Background:

LY2886721 is an oral and furothiazine-based inhibitor of β site-amyloid protein cleaving enzyme (BACE) with IC50 of 20.3nM. This product has the potency for the treatment of Alzheimer's disease.

BACE, also known as Beta-Secretase 1, is an aspartic-acid protease that plays important role in the formation of myelin sheaths in peripheral nerve cells.

In vitro, treatment of LY2886721 leads to the inhibition of Aβ in HEK293Swe with IC50 of 18.7nM and PDAPP neuronal culture with IC50 10.7 nM1. LY2886721 decreases CSF sAPPβ and increases CSF sAPPα in a dose- dependent manner 2.
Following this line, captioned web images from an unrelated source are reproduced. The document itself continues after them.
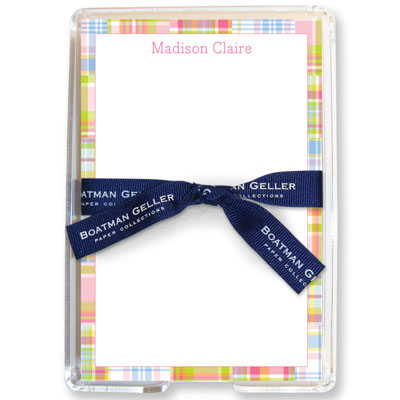 Boatman Geller Memo Sheets with Acrylic Holders - Madras Patch Pink Boatman Geller Memo Sheets with Acrylic Holders - Madras Patch Pink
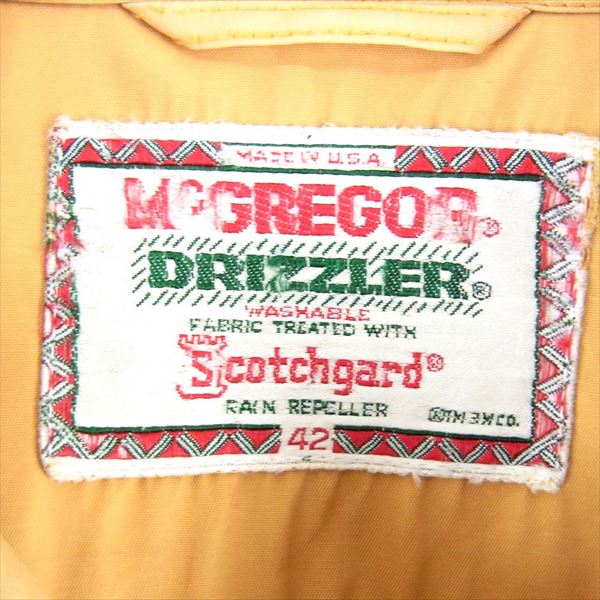 McGregor マックレガー USA製 60s SERVAL ジップ ジャケット イエロー系 42【中古】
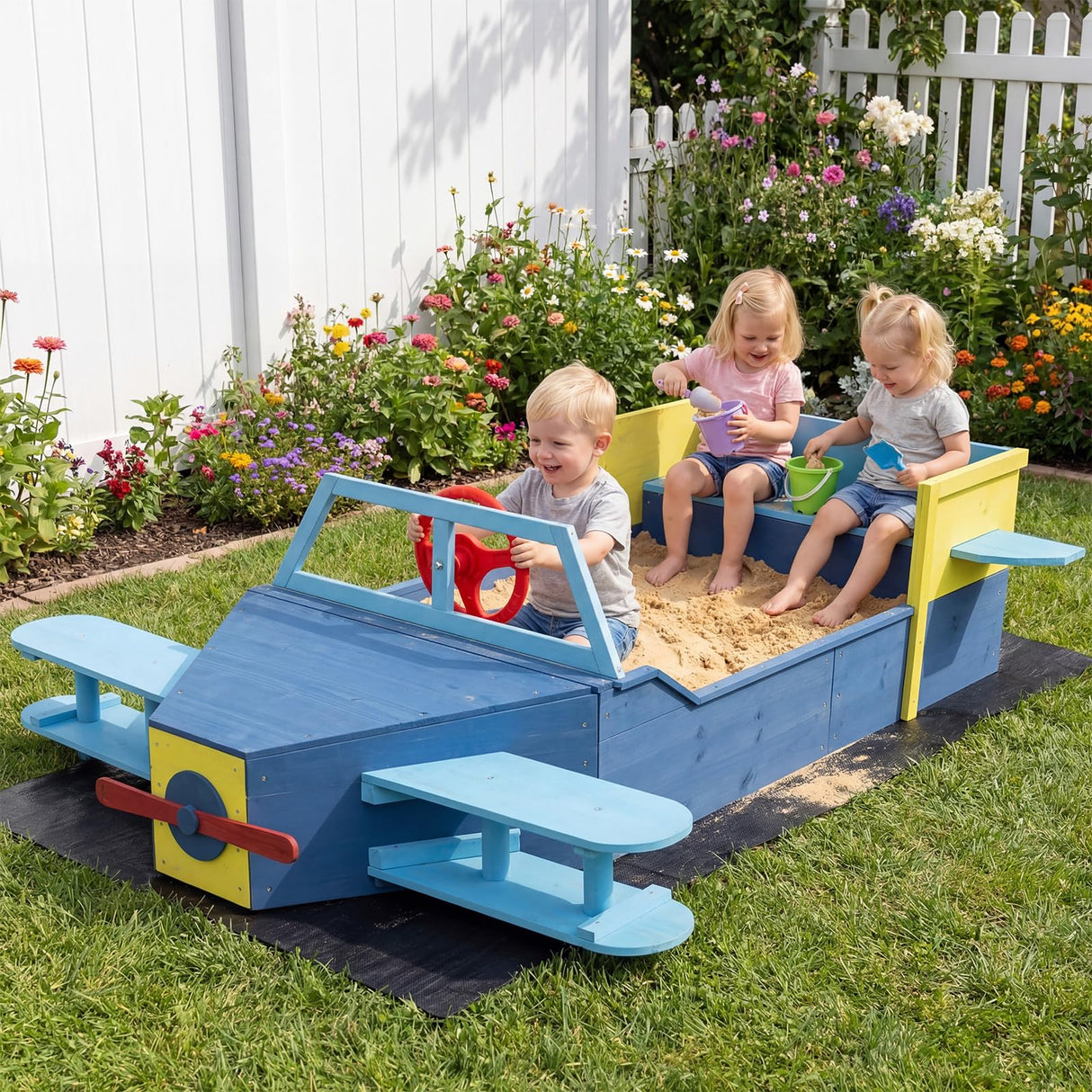 HONEY JOY Glider-Shape Kids Sandpit, Large Wooden Outdoor Sand Box w/Bench Seat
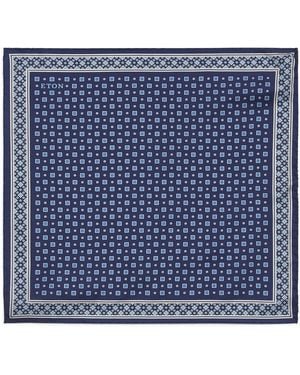 Eton Silk Floral Pocket Square - Blue
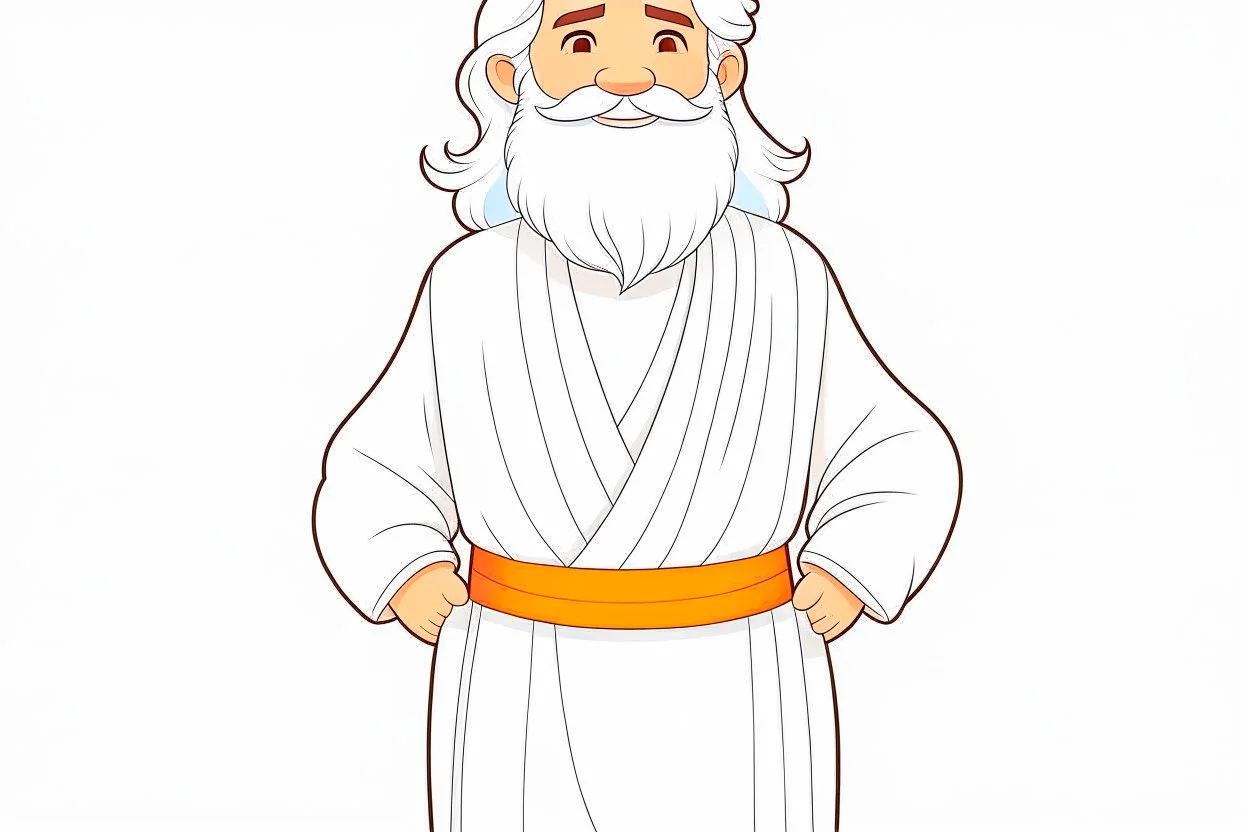 Disney style, white hair, white skin, white beard, coloring book, minimalism, simple lines, white background, STICKER, WHOLE BODY, A CUTE JESUS CHRIST, WAVY HAIR, BEARD, COVERING THE WHOLE BODY WHITE LONG TUNIC, LIGHT DOWN, HAPPY face , A detailed illustration, in the style of Studio Ghibli, 3D vector art, cute and quirky, fantasy art, Adobe Illustrator, hand-drawn, low-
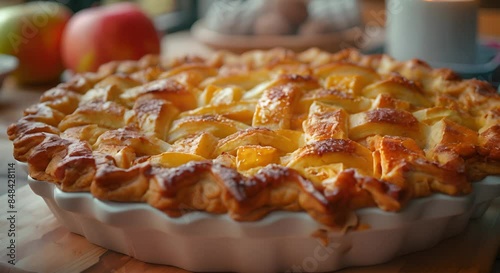 Closeup of a delicious homemade apple pie with golden crust, sweet apple filling, and a hint of cinnamon, freshly baked and ready to serve.
 photo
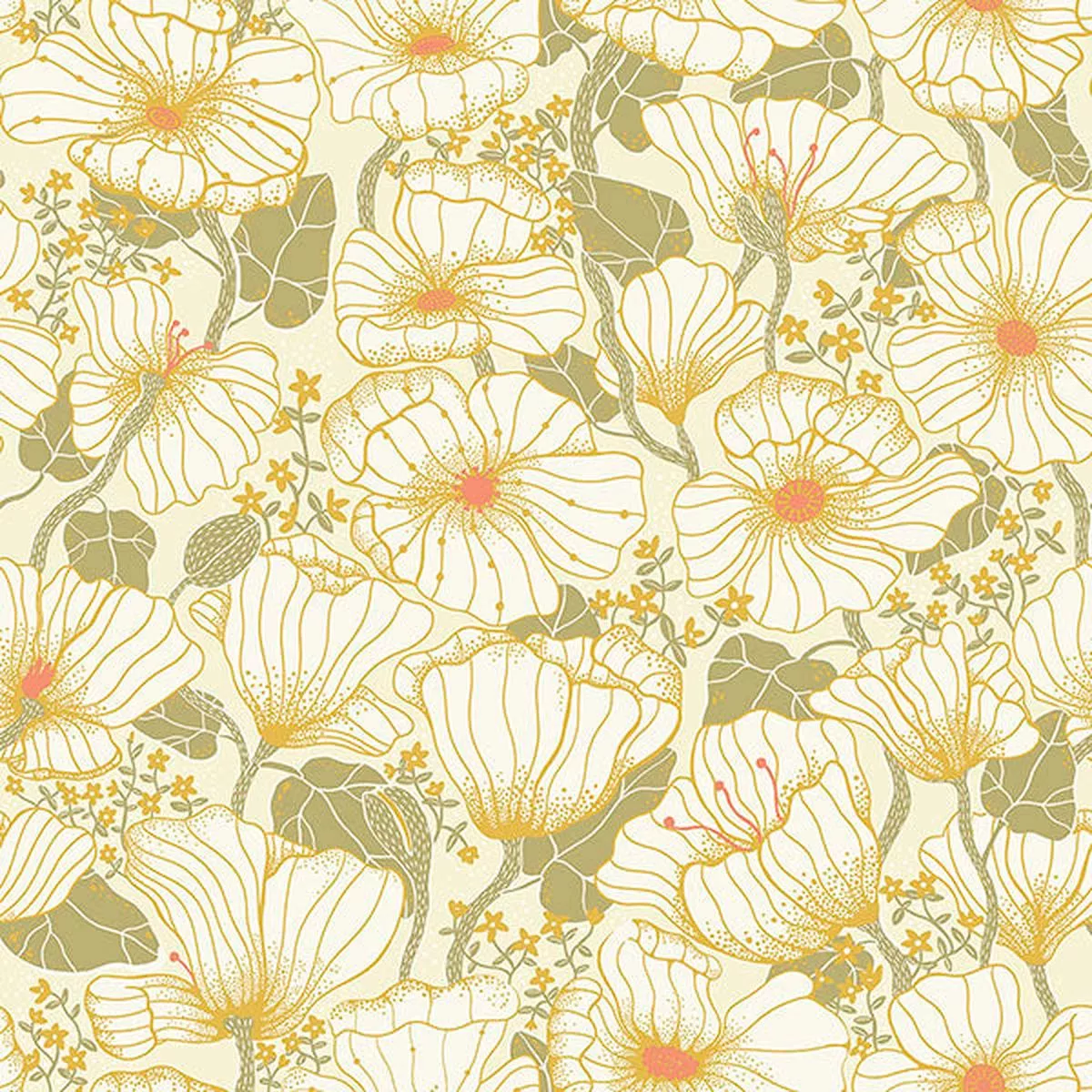 2932-65111-matilda-green-poppy-fields-wallpaper 2932-65111 Matilda Green Poppy Fields Wallpaper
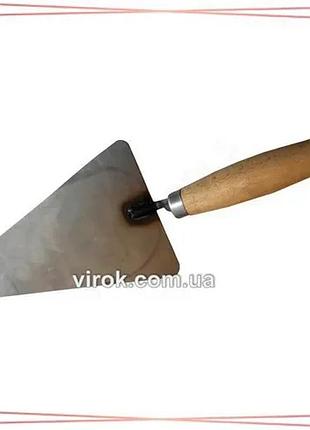 Кельма мулярская треугольная узкая с металлическим наконечником 190 мм virok инструмент для кладки sku_13v105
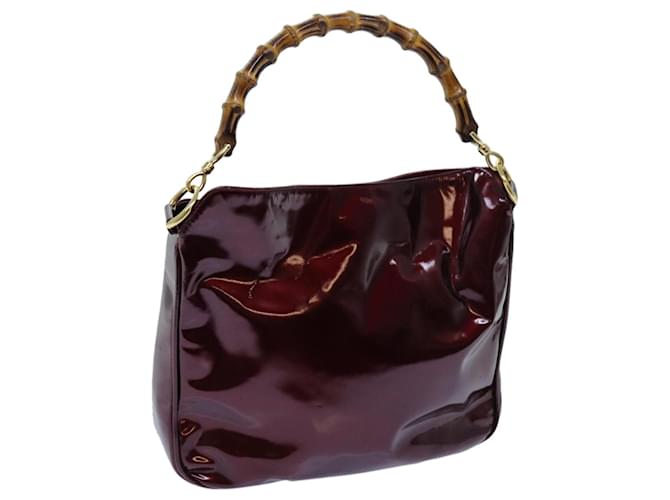 GUCCI Borsa a spalla Bamboo Pelle verniciata Bordeaux Auth 71314  ref.1343949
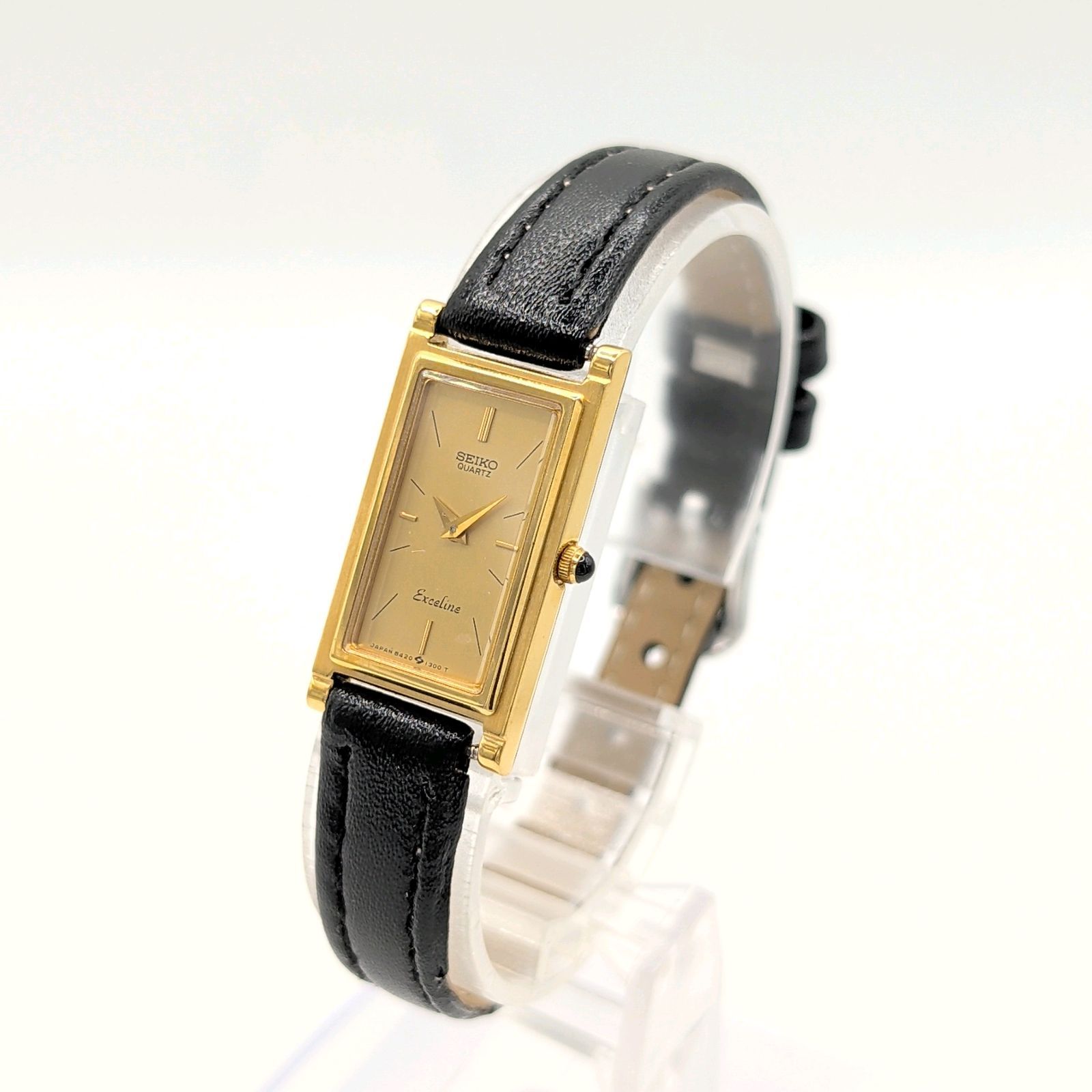 SEIKO Exceline 8420-6710 Watch Quartz Ladies Square Gold dial Y2K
In PDAPP mice, oral administration of LY2886721 resulted in a reduction in brain Aβ, C99 and sAPPβ in a dose-dependent pattern 2. Aβ levels in the brain were decreased by 20% -65% as compared with the vehicle-treated groups 3 hours after treatment of LY2886721 at a dosage of 3-30 mg/kg per mice. In addition, LY2886721 significantly lowers plasma and CSF Aβs in the MAD study 1.

参考文献:
1.  Vassar R. BACE1 inhibitor drugs in clinical trials for Alzheimer's disease. Alzheimer's research & therapy. 2014;6(9):89.
2.   Nishitomi K, Sakaguchi G, Horikoshi Y, et al. BACE1 inhibition reduces endogenous Abeta and alters APP processing in wild-type mice. Journal of neurochemistry. 2006;99(6):1555-1563.